À l’autre extrémité de l’Allemagne, Geisselbrecht, mécanicien de Vienne, exploita avec non moins d’habileté la vogue que le Faust de Goethe avait rendue aux marionnettes. Il représenta à Vienne, à Francfort, à Weimar, où résidait Goethe, un drame de Faust d’une rédaction un peu plus moderne que celle de Schütz et Dreher, intitulé : le Docteur Faust ou le grand Nécromancien, en cinq actes, mêlé de chants. Il avait à Francfort sa résidence principale. Un habitant de cette ville, le docteur Kloss, lui a vu représenter Faust en 1800, et, pour la dernière fois, en 1817[1].

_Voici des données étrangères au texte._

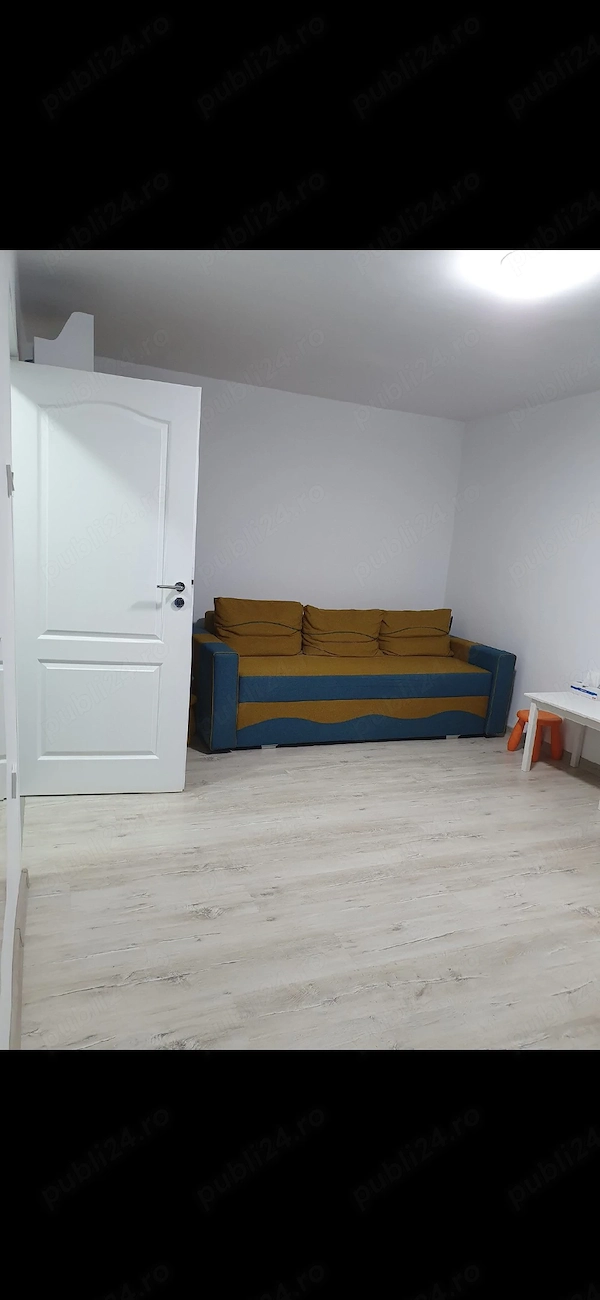 Apartamente 1 camera de închiriat — fotografia 1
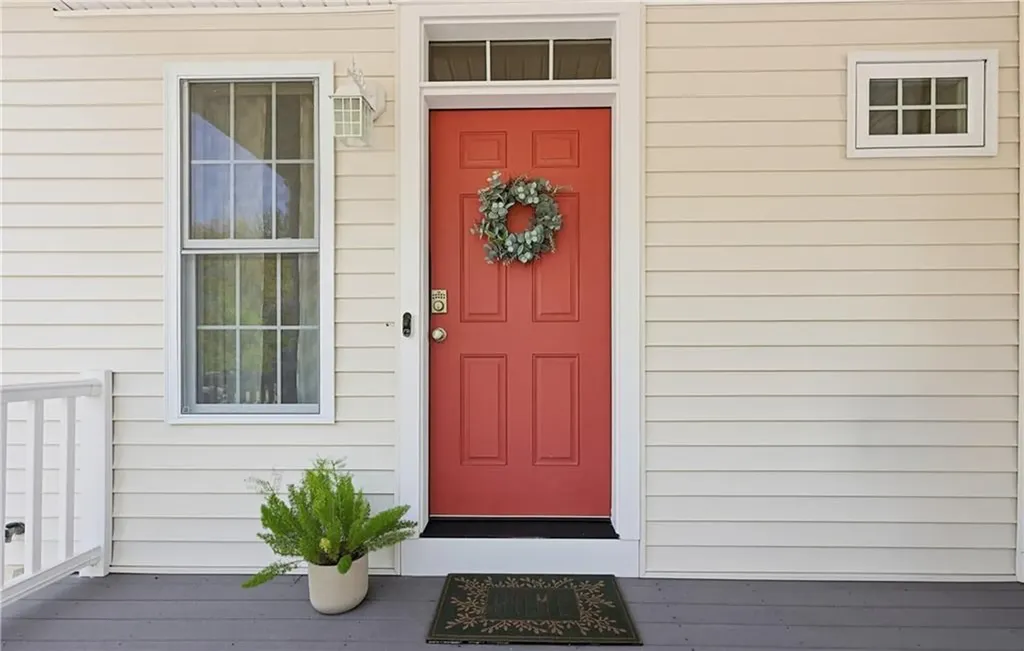 164 Bear Hill Road Cumberland RI 02864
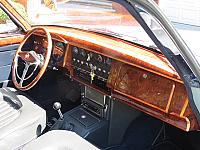 Thumbnail 8 - 1963 Jaguar MkII LHD restored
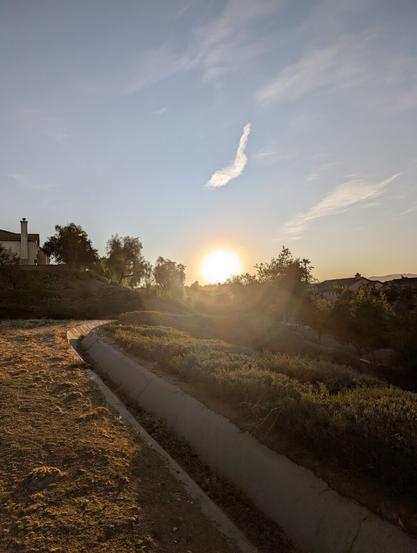 sunrise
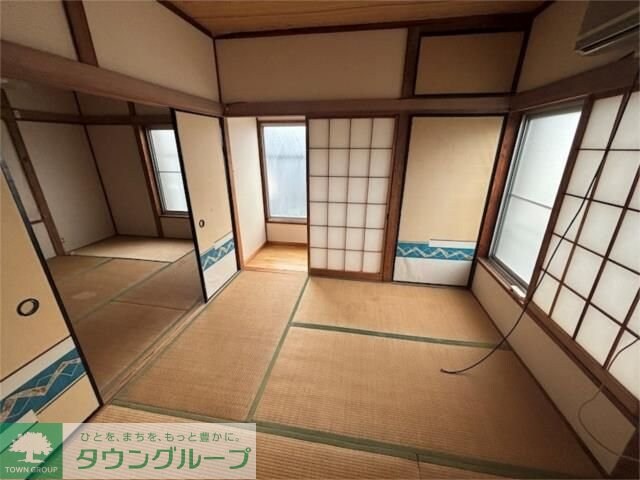 藤塚貸家の物件内観写真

On a conservé le souvenir d’une pièce de son répertoire, probablement féerique, et qui obtint un succès de vogue. Elle portait le titre bizarre de la Princesse à la hure de porc. Il s’efforçait de surpasser Dreher et Schütz par la perfection mécanique de ses petits acteurs, auxquels il faisait lever ou baisser les yeux ; il était même parvenu à les faire tousser et cracher très naturellement, exercice que Casperle, comme on pense bien, devait répéter le plus souvent possible[2]. M. von der Hagen, pour se moquer de cette puérile merveille, applique au mécanicien viennois les deux vers suivans du Camp de Wallenstein, que Schiller a imités des Femmes savantes de Molière
Cette étude vous a mal réussi. Vous avez peut-être appris comment le général tousse et comment il crache ; mais son génie…
Wie er raeuspert und wie er spuckt,
Das habt ihr ihm glücklich abgeguckt ;
Aber sein Schenie
[3]…
Quelques critiques ont avancé que la légende de Faust est née sur les théâtres de marionnettes. Il est plus vraisemblable qu’elle a commencé, comme toutes les légendes, dans les veillées et dans les foires par des récits et par des chansons. On a dit encore que l’ancienne comédie de Faust (Historia Fausti, Tractätten von Faust, eine Comödie), attribuée à deux étudians de Tubingue et imprimée en 1587, avant l’histoire de Widmann, était une pièce de marionnettes[4]. Le fait seul de l’impression rend cette supposition tout-à-fait improbable.
- ↑ Carl Simrock, Doctor Johannes Faust, Puppen-Spiel ; Francf., 1846, notes, p. 107.
- ↑ Von der Hagen, Das Alte…, etc. Voyez Das Closter, t. V, p. 738.
- ↑ Schiller, Wallenstein Layer (Le Camp de Wallenstein), scène VI.
- ↑ Le sens qu’avait le mot comédie au moyen-âge, et qu’il a conservé long-temps, permet de douter que cette pièce fût autre chose qu’un récit.